Ich will in aller Klarheit sagen: Ich bin Wirtschaftswissenschaftler.

(Zurufe von der SPD und von den GRÜNEN: Oh!)

Ich weiß nicht, wie der Antrieb der Zukunft in Deutschland aussieht. Ich weiß auch nicht, ob es eine Technologie sein wird oder mehrere Technologien sein werden. Aber ich weiß eines, liebe Kolleginnen und Kollegen: Die Fraktionsvorsitzende der Grünen, Anja Piel, ist Industriekauffrau. Sie weiß das auch nicht.

(Beifall bei der FDP und bei der CDU - Anja Piel [GRÜNE]: Nein, ich weiß es auch nicht!)

Das sollten wir den Kräften des Marktes überlassen. Wir Politikerinnen und Politiker sollten uns über Ziele austauschen, Frau Kollegin Piel. Aber den Weg dahin sollten wir bitte endlich den Ingenieuren und Naturwissenschaftlern überlassen.

(Beifall bei der FDP und Zustimmung bei der CDU)

An der grünen Hetzjagd auf das Automobil werden wir uns jedenfalls nicht beteiligen.

(Beifall bei der FDP und Zustimmung bei der CDU - Anja Piel [GRÜNE]: Das ist aber ganz tief aus der Motten- kiste, Herr Dürr! Ich würde mich schämen!)

Ihr Vorwurf, wir hätten mit unserer Kritik an den Betrügereien von Volkswagen - - -

Herr Kollege, einen Moment! - Jetzt muss dringend Ruhe einkehren, und der Redner muss, jedenfalls in der Sache, den letzten Satz finden, weil die Zeit ein bisschen arg strapaziert ist. - Bitte!

Das tue ich, Herr Präsident.

Sie haben uns dafür kritisiert, dass wir VW dafür kritisiert haben, dass es dort Betrügereien gab, meine Damen und Herren. Aber an Ihrer Untergangsrhetorik, die deutschen Automobilhersteller hätten alles, aber auch alles verpennt, werden wir uns nicht beteiligen.

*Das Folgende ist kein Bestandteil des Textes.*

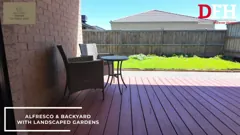 Covered alfresco and rear lawn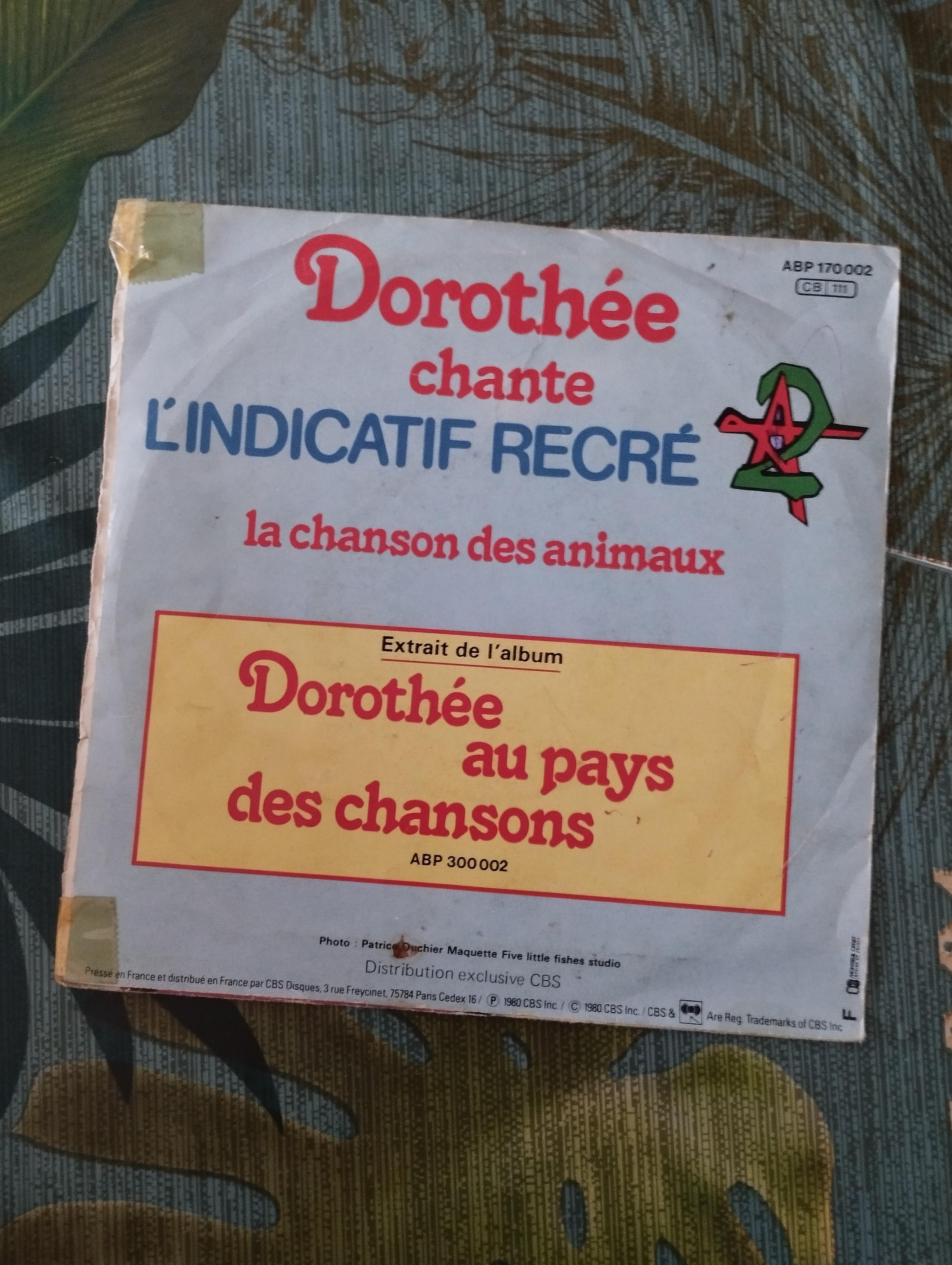 troc de troc rare disque vinyle 45t dorothée - récré a2 image 1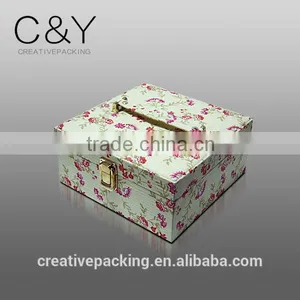 Sweet Colorful Leather Jewelry Gift Box for Wholesale thumbnail-1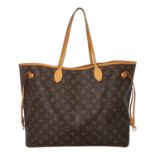 LOUIS VUITTON Shopper "NEVERFULL GM", Koll.: 2012, akt. NP.: 1.550,-€.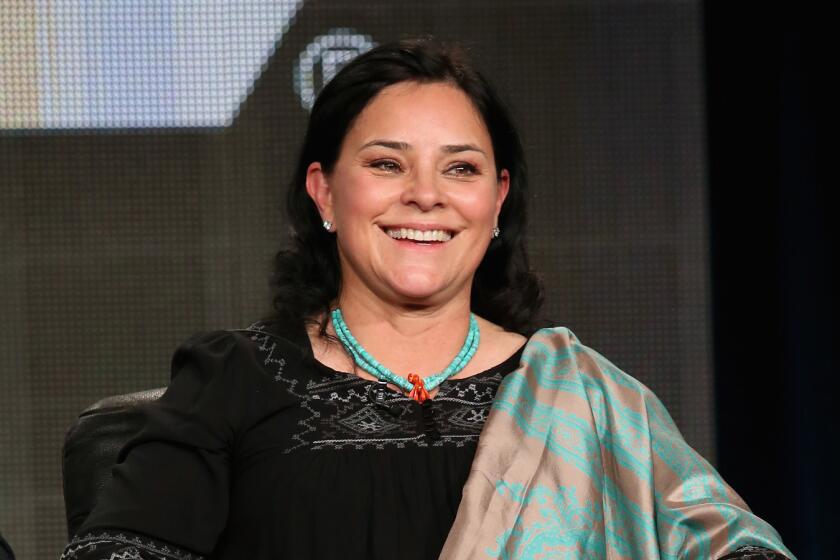 Diana Gabaldon was in Pasadena on Friday during the Television Critics Assn. press tour to promote the upcoming second half of the fantasy drama's first season.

Die Automobilwirtschaft in Deutschland hat eine Zukunft - um das in aller Klarheit zu sagen, liebe Kolleginnen und Kollegen.

(Beifall bei der FDP und Zustimmung bei der CDU)

Lassen Sie mich zum Schluss einige persönliche Worte sagen. Ich gehöre dem Niedersächsischen Landtag seit Februar 2003 an. Unabhängig davon, wie die Wahl am kommenden Sonntag ausgeht: In der nächsten Wahlperiode dieses Hauses wird das nicht mehr der Fall sein.

Deshalb will ich mich bei allen Kolleginnen und Kollegen sehr herzlich für die Zusammenarbeit bedanken und mich bei denjenigen entschuldigen, die den objektiven oder subjektiven Eindruck gehabt haben, dass ich ihnen auf die Füße getreten habe.

Ich will mich ausdrücklich bei den Kolleginnen und Kollegen von SPD und Grünen bedanken. Wir haben in den vergangenen 14 Jahren in aller Regel auf unterschiedlichen Seiten gekämpft. Aber ich finde, das hat der Demokratie in Niedersachsen und der harten Auseinandersetzung in der Sache nicht geschadet, sondern eher genützt. Das gehört zur Demokratie dazu.